Perhaps the most frustrating result of increased regional and domestic pressure is the reemergence of al-Qaeda in Iraq (AQI or The Islamic State of Iraq). Following years of brutal al-Qaeda operations, by 2007 Iraq was all but unified against al-Qaeda with the efforts of U.S. forces, the ISF, and the U.S.-backed Sunni Awakening Movement. This coalition, coupled with independent Shia militias who, in addition to targeting U.S. troops, also fought al-Qaeda militants. However, with the departure of U.S. Forces and growing minority discontent toward Maliki’s Shia-led government, al-Qaeda has benefited from a resurgence in violence. This renewal of strength pulls from simultaneous goals of fighting both the Syrian and Iraqi governments. Al-Qaeda in Iraq has publicly associated and claimed partnership with parts of the Sunni opposition in Syria, most notably its questionable merger with Jabhat al-Nusra. The spillover of Iraqi al-Qaeda fighters into Syria and vice-versa, as well as similar practices among Shia militias, has threatened a short-lived lull in sectarian violence.

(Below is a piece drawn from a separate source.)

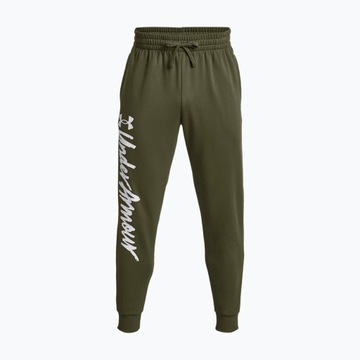 Spodnie treningowe męskie Under Armour Rival Fleece Graphic Joggers green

However, fresh terrorist violence is not the only confrontation to Iraq’s political stability. In order to briefly address the dwindling security situation in Iraq one must consider Iraq’s place in a region of conflict. Historically sandwiched between neighbors that all see great value in promoting their respective opinions in Iraq, regional actors play a significant role in Iraq’s security, economic, and political affairs. While past decades saw meddling on the part of Turkey and the Gulf nations, the most substantial external influence now comes from other actors. Cradled between the ongoing Sunni uprising against Bashar al-Assad in Syria and strong, yet unpredictable Shia neighbor Iran, Iraq must deal with an international presence in its domestic affairs.

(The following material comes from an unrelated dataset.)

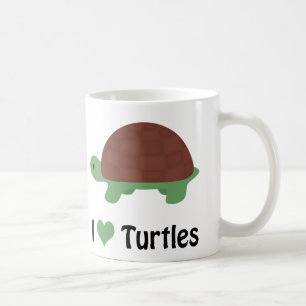 Mug I Coeur Tortues mignonnes Tortue cartonnée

While sectarian hardships have stifled progress in the political and security realms, there have been significant economic developments and accomplishments in Iraq since the U.S. withdrawal. Iraq has experienced rapid growth: 10.2% in 2012 and estimates of 9.4% annually through 2016. With these kinds of promising economic prospects Iraq is viewed by some as a market of the future; Citigroup recently opened in Iraq this week as its first new market since 2007. However, in the eyes of other interested investors, such as HSBC who is considering a pullout from Iraq, the situation is not so bright. In a recent program note on Iraq, the IMF reported the powerful effect oil has had on the Iraqi economy, bringing in $90 billion in revenue in 2012, but also emphasized that Iraqi economic prospects are subject to “significant risks, deriving mainly from institutional and capacity constraints, oil prices volatility, delays in the development of oil infrastructure, and an extremely fragile political and security situation.”

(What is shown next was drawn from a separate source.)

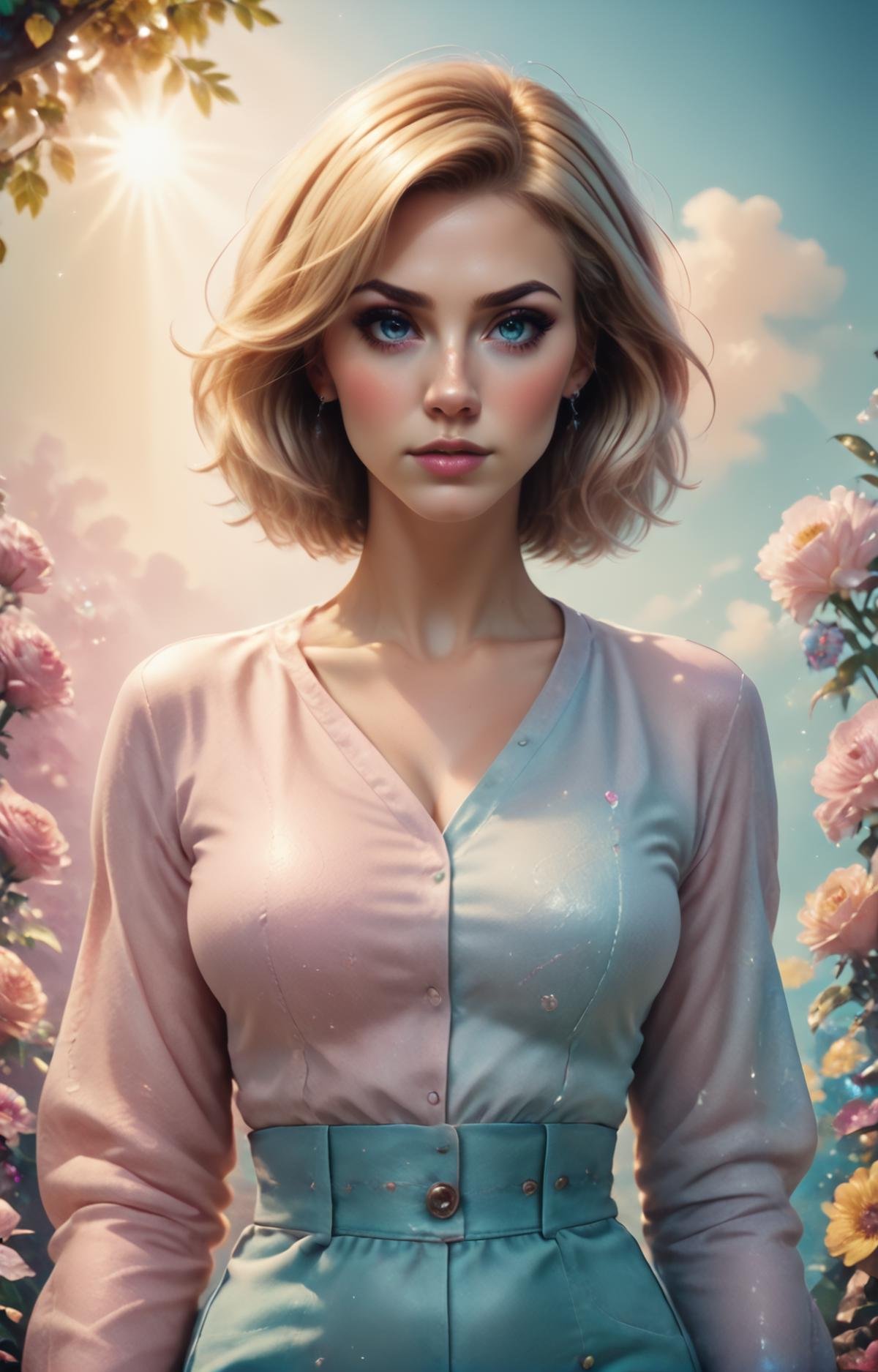 zPDXL, comic book art of profjen, (CoverArt, RPG Cover Art), Bohemian aesthetic, pastel colors, stunning background. bright sunlight, a mesmerizing blend of light and shadow. masterpiece, absurdres, intricate details, <lora:Prof_Jen_PDXL-000009:0.6>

Due to this potential for remarkable gains or equally damaging regressions, Iraq is at a significant turning point in plotting its future course. U.N. Special Envoy to Baghdad Martin Kobler concernedly discussed this crossroads, noting that Iraq could experience a collapse of the federal state into sectarian-defined regions or it could blossom into a regional economic power with political stability. Whether or not increasing oil revenues can lead to comprehensive economic prosperity and development for Iraq will be greatly decided by the ability of the country to advance past the recent period of political and sectarian conflict.